Nova SBE

Como a Nova SBE está a mudar-nos

Nova SBE
(PAULO SPRANGER/Global Imagens)
Nova SBE (PAULO SPRANGER/Global Imagens)

O presidente da Câmara Municipal de Cascais, Carlos Carreiras, e dois representantes de grupos de investidores privados da Nova SBE, Vasco de Mello (grupo Mello) e António Vieira Monteiro (Santander), explicam o impacto da universidade na comunidade e antecipam o que pode trazer ao país.

Carlos Carreiras

Carlos Carreiras, presidente da Câmara Municipal de Cascais
“É uma das boas parcerias público-privadas, não no sentido tradicional do termo mas no sentido de que entidades públicas e privadas podem criar imenso valor para o país se cooperarem. Sem preconceitos nem paroquialismos. Está no nosso ADN sermos inovadores e com a capacidade crítica instalada na Nova, acreditamos que esta nossa predisposição tende a aumentar ainda mais.

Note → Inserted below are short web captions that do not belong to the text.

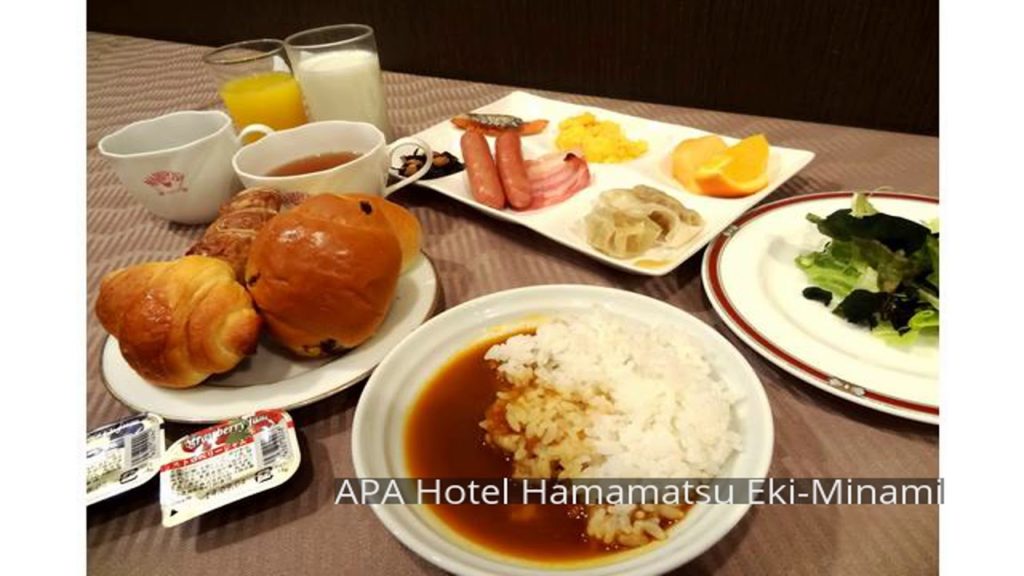 APA Hotel Hamamatsu Eki-Minami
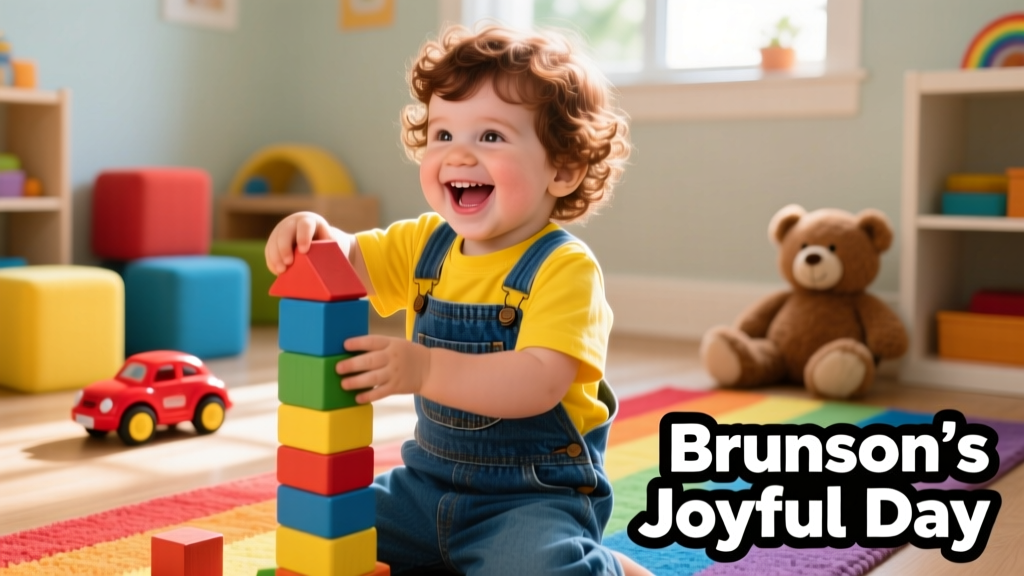 Understanding Brunson: A Practical Guide for Early Childhood Educators and Toddler Caregivers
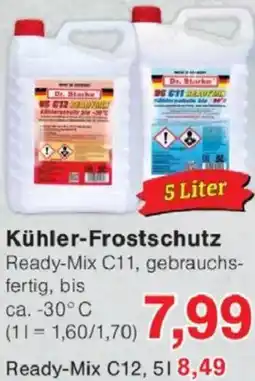 Jawoll Dr. Starke Kühler-Frostschutz Angebot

Para Cascais, a Nova SBE foi fundamental enquanto pontapé de saída numa nova era do nosso desenvolvimento e afirmação. Mudou estruturalmente o nosso modelo de desenvolvimento, que continua a passar por ser um destino turístico mas adicionou o conhecimento e o ensino superior como um dos mais importantes componentes do nosso produto interno. Ao trazer-nos a possibilidade de fazer algo absolutamente novo, esta escola mostrou que a comunidade é capaz de assumir os maiores desafios, imprimindo uma nova dinâmica económica que gerou mais emprego, mais empresas e mais valor para os cidadãos e para a comunidade.

Da Nova SBE saem ainda ideias que serão tentadas em novas políticas ou novos negócios, num ciclo virtuoso que acaba por ser muito positivo.”

Vieira Monteiro

António Vieira Monteiro, Santander
“Apoiámos o projeto por ser ambicioso, exigente e visionário na medida em que pretende colocar o seu campus e o país no mapa dos mais apetecíveis do mundo. Acreditamos que conseguirá formar e identificar profissionais de excelência e lhes permita singrar independente das suas condições de partida, e que possa contribuir de forma determinante para que este país seja economicamente mais competitivo e sustentável. Será difícil recrutar sempre os melhores num ambiente de maior concorrência. Terá sucesso se conseguir um lugar cimeiro nos rankings internacionais de escolas congéneres.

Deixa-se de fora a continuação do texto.